Energetic and electronic computation of the two-hydrogen atom donation process in catecholic and non-catecholic anthocyanidins

- Energetics of the two-hydrogen atom donation process of anthocyanidins were studied.
- Importance of catecholic vs 3-OH moieties in the antioxidant activity was elucidated.
- In catecholic compounds, the 3,4′-path is more favorable than catecholic path.
- In non-catechols, 3′- & 5′-substituents control the path of the donation process.
- The role of 3′-OH is the stabilization of 4′-radical by H-bonding not H-atom donation.

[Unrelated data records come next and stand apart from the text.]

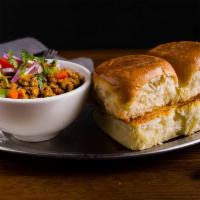 Murgh Khurchan Pav · Tandoor cooked spiced chicken morsels, bell peppers served with pav buns.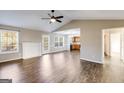 Spacious living room with hardwood floors, fireplace, vaulted ceiling, and large windows for ample natural light at 217 Old Carrollton Rd, Carrollton, GA 30116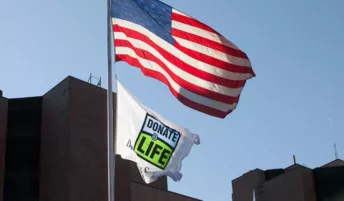 American flag and organ donor flag blowing in the wind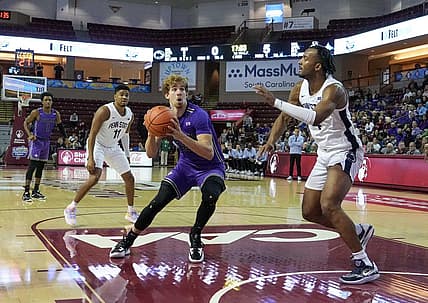 Nov 17, 2022; Charleston, South Carolina, USA; Furman Paladins guard Carter Whitt (11) sets for a shot in the first half against the Penn State Nittany Lions at TD Arena. Mandatory Credit: David Yeazell-USA TODAY Sports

Antioxidant activity of anthocyanidins is greatly affected by the 3-hydroxyl group and/or a catecholic moiety. The two-hydrogen atom donation process is frequently used to explain the high antioxidant activity of polyphenolic compounds leading to the formation of stable diketones e.g. 1,2-quinones. Thermodynamic parameters, HOMO and spin density were computed to identify the favoured path, either through the 3-hydroxyl group or through the catecholic moiety in a series of catecholic and non-catecholic 3-oxy- (and deoxy)-anthocyanidins. DFT calculations showed that the donation process in non-catecholic anthocyanidins depended on the substituents on ring B. Anthocyanidins with 3′,5′-diOMe groups showed donation through 3,4′-OH or, otherwise, through 3,5-OH groups. Catecholic 3-oxyanthocyanidins, on the other hand, showed donation through the 3,4′-OH path rather than the catecholic path (4′,3′-path). The 3,4′-path was favoured by the formation of planar 3-radicals in the first step and the stabilization of 4′-radicals in the second step by H-bonding with the 3′-OH group.